Kath and Kila, who has finally managed to escape from the finance department after more than 20 years working there, look like proving a winning team in projecting the brave new Winter Gardens as a leisure and pleasure palace for modern times, however harsh the economic climate, however challenging the custodianship of such a fine listed building.

In partnership with the trust and Blackpool Council, Crown Entertainment Centres is inviting visitors to come to tomorrow’s open day to share their memories of the building which still boasts many of the original features. Michael Williams, managing director of the complex, says it’s a first for the venue - because visitors have very much kept to the beaten path through the building before, with only a few specialists, civic trust members, heritage campaigners, venturing into the more secluded areas.

He adds: “It really will be the first time that the public has had such extensive free access to some of the amazing spaces within the building. It will also give us the opportunity to unveil some of the work that the Trust has been doing in association with Crown to interpret public areas of the Winter Gardens.”

Kath stresses it’s more informal than an organised tour. “We want to let people wander where they will - with pop up information available and suchlike but no pressure to make it structured and formal. It will be more fun that way for all. Pineapple Jack will be playing too.
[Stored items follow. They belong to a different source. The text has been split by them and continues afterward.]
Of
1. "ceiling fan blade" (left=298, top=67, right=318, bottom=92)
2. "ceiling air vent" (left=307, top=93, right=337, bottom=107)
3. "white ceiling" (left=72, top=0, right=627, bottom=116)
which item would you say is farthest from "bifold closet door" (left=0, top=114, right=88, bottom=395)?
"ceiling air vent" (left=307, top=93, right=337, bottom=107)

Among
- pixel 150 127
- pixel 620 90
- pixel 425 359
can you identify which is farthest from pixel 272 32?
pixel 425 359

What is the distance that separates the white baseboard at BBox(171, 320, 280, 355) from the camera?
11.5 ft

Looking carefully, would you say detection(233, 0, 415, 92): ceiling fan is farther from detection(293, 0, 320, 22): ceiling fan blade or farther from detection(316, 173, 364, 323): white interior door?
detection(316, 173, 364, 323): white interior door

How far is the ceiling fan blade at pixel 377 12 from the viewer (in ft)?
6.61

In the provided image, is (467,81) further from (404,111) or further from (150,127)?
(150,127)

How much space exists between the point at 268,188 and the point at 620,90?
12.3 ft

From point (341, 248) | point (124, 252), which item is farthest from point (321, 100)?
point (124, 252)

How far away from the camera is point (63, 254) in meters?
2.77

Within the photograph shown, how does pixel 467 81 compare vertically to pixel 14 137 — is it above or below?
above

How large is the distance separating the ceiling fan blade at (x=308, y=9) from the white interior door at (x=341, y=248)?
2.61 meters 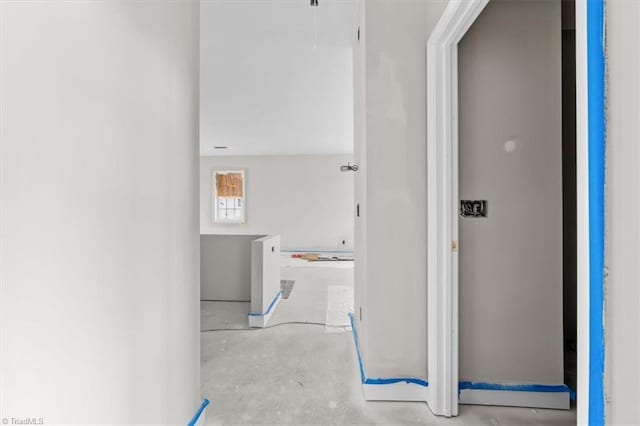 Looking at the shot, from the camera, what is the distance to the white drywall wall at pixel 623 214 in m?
0.54

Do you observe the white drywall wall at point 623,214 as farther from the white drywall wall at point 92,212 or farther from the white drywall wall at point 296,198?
the white drywall wall at point 296,198

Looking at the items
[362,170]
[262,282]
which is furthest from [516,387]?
[262,282]

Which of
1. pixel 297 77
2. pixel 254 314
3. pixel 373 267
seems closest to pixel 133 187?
pixel 373 267

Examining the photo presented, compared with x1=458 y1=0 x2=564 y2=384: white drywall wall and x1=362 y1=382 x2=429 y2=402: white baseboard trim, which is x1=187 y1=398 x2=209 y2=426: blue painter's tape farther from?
x1=458 y1=0 x2=564 y2=384: white drywall wall

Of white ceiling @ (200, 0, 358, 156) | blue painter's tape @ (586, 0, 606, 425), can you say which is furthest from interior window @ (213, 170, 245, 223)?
blue painter's tape @ (586, 0, 606, 425)

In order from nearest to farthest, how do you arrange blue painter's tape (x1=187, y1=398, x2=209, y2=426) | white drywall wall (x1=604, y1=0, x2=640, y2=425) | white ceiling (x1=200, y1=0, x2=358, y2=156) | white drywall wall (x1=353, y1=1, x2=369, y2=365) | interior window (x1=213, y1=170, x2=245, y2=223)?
white drywall wall (x1=604, y1=0, x2=640, y2=425), blue painter's tape (x1=187, y1=398, x2=209, y2=426), white drywall wall (x1=353, y1=1, x2=369, y2=365), white ceiling (x1=200, y1=0, x2=358, y2=156), interior window (x1=213, y1=170, x2=245, y2=223)

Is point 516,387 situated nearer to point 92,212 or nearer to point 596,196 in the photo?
point 596,196

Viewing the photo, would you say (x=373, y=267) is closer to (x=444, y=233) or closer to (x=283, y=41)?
(x=444, y=233)

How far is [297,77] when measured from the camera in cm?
350

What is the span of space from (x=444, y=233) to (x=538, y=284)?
64 cm

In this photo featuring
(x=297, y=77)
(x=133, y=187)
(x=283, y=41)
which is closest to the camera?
(x=133, y=187)

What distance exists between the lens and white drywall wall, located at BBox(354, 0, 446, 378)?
1744 mm

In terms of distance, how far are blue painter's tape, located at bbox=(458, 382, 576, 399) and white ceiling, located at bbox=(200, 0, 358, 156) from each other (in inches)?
99.2

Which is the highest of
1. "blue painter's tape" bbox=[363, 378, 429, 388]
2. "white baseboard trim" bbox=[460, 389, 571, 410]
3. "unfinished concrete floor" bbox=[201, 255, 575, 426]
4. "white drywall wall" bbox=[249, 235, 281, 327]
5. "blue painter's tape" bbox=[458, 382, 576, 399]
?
"white drywall wall" bbox=[249, 235, 281, 327] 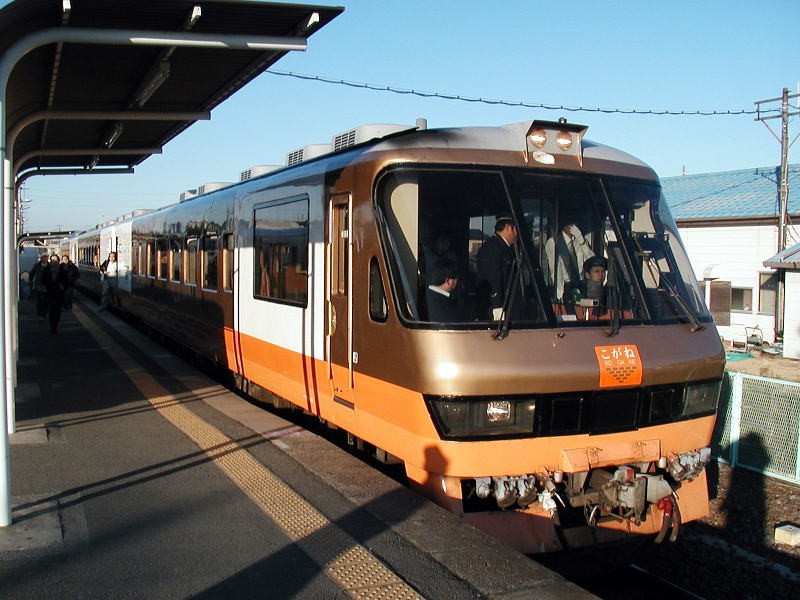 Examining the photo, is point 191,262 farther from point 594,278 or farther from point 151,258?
point 594,278

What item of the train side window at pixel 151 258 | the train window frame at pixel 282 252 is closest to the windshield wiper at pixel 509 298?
the train window frame at pixel 282 252

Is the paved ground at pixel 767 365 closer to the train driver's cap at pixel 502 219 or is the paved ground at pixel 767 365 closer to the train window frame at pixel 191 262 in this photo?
the train window frame at pixel 191 262

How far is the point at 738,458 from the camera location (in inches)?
352

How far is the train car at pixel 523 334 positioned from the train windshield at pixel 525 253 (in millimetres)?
12

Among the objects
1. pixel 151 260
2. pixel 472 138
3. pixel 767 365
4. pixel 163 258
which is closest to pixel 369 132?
pixel 472 138

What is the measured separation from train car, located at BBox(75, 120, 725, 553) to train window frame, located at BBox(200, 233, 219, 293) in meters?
4.42

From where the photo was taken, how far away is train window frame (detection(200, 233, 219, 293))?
10711 mm

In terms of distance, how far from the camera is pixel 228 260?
1009cm

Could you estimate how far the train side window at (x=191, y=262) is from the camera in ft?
40.1

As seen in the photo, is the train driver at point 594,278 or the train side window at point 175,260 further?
the train side window at point 175,260

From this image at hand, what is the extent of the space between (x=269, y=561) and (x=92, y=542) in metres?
1.06

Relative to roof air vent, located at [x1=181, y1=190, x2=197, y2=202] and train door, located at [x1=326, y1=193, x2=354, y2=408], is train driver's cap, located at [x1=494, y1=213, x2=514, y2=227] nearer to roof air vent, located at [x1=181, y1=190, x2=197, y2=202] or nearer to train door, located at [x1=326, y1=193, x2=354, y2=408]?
train door, located at [x1=326, y1=193, x2=354, y2=408]

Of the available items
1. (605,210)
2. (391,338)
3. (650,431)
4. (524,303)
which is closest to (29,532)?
(391,338)

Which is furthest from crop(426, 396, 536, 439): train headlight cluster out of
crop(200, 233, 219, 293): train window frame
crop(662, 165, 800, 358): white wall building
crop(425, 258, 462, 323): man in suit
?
crop(662, 165, 800, 358): white wall building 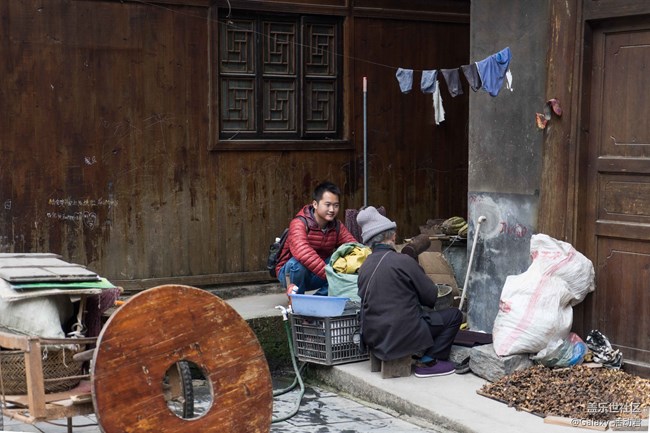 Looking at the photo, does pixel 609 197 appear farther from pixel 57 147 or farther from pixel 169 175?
pixel 57 147

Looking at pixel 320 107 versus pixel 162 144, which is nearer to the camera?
pixel 162 144

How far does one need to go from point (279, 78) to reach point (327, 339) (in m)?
3.80

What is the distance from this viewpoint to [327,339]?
27.3 feet

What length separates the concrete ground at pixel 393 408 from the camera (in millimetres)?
6925

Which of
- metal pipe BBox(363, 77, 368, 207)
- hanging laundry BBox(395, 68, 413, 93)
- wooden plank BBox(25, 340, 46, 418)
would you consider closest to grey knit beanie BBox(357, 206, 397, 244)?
hanging laundry BBox(395, 68, 413, 93)

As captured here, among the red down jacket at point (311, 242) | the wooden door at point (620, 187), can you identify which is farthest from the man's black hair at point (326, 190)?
the wooden door at point (620, 187)

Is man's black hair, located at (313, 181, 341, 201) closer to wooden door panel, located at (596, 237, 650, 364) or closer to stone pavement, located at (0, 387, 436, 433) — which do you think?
stone pavement, located at (0, 387, 436, 433)

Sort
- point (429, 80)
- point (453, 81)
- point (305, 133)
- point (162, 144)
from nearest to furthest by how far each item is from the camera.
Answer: point (453, 81) < point (429, 80) < point (162, 144) < point (305, 133)

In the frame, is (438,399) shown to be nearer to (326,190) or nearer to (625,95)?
(326,190)

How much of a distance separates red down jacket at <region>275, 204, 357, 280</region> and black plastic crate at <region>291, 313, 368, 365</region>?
82cm

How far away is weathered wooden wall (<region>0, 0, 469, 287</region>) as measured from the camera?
9570 mm

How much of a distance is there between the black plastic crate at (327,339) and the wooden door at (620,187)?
6.64 feet

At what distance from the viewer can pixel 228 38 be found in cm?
1066

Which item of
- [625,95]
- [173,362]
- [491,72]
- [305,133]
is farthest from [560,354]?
[305,133] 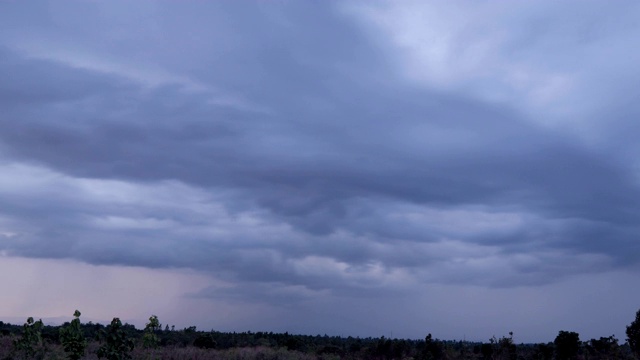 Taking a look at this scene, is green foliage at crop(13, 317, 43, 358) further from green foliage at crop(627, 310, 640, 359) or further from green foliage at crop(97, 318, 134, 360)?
green foliage at crop(627, 310, 640, 359)

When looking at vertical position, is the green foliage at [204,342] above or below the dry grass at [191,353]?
above

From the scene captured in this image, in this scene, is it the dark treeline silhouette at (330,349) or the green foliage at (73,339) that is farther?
the dark treeline silhouette at (330,349)

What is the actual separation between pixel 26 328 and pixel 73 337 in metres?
9.05

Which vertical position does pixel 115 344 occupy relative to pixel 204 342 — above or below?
below

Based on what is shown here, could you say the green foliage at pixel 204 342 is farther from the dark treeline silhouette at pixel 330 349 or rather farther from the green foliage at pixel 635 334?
the green foliage at pixel 635 334

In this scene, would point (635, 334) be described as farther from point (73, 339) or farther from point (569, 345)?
point (73, 339)

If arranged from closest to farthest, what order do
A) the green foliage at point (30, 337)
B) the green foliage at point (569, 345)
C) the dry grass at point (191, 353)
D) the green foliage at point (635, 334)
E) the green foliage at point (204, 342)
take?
the green foliage at point (30, 337) → the dry grass at point (191, 353) → the green foliage at point (635, 334) → the green foliage at point (569, 345) → the green foliage at point (204, 342)

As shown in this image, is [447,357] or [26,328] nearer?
[26,328]

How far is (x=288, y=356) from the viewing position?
54.1 meters

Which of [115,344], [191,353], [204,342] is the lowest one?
[115,344]

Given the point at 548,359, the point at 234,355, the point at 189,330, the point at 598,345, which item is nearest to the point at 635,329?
the point at 548,359

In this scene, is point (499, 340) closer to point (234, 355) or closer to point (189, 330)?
point (234, 355)

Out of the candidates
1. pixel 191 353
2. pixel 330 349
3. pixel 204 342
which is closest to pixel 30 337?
pixel 191 353

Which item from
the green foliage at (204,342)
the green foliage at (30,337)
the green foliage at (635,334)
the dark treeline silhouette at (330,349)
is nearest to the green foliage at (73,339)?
the dark treeline silhouette at (330,349) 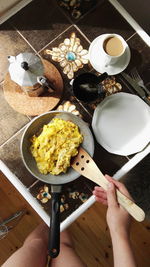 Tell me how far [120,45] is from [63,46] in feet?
0.70

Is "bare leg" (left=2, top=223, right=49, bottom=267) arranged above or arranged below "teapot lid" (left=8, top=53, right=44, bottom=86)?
below

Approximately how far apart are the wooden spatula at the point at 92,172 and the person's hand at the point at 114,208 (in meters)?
0.02

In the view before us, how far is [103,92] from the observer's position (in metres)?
1.22

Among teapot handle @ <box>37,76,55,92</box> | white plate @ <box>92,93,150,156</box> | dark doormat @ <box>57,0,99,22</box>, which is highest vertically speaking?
dark doormat @ <box>57,0,99,22</box>

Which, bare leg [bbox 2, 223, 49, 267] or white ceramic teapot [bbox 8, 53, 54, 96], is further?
bare leg [bbox 2, 223, 49, 267]

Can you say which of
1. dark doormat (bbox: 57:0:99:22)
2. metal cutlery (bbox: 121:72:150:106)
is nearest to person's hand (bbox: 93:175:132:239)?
metal cutlery (bbox: 121:72:150:106)

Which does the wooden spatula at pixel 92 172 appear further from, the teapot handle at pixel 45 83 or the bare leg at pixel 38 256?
the bare leg at pixel 38 256

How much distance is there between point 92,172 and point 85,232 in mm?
848

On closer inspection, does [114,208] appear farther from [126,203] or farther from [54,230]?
[54,230]

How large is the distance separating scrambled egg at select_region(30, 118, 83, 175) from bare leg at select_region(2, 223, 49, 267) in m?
0.45

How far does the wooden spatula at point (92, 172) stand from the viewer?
42.1 inches

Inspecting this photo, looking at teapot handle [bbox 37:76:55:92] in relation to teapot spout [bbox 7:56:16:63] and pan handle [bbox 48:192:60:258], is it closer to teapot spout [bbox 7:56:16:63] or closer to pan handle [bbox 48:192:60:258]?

They have been here for 20 years so are part of the history too.”

The viewing gallery within the restored dome will be open too. “The whole aim is to let visitors fully immerse themselves in the history and architecture of each and every room - and even step on the stage and emerge from the stage door.”

The Winter Gardens first opened to the public in the summer of 1878, with a lavish ceremony attended by the Lord Mayor of London and 68 other Mayors and Mayoresses.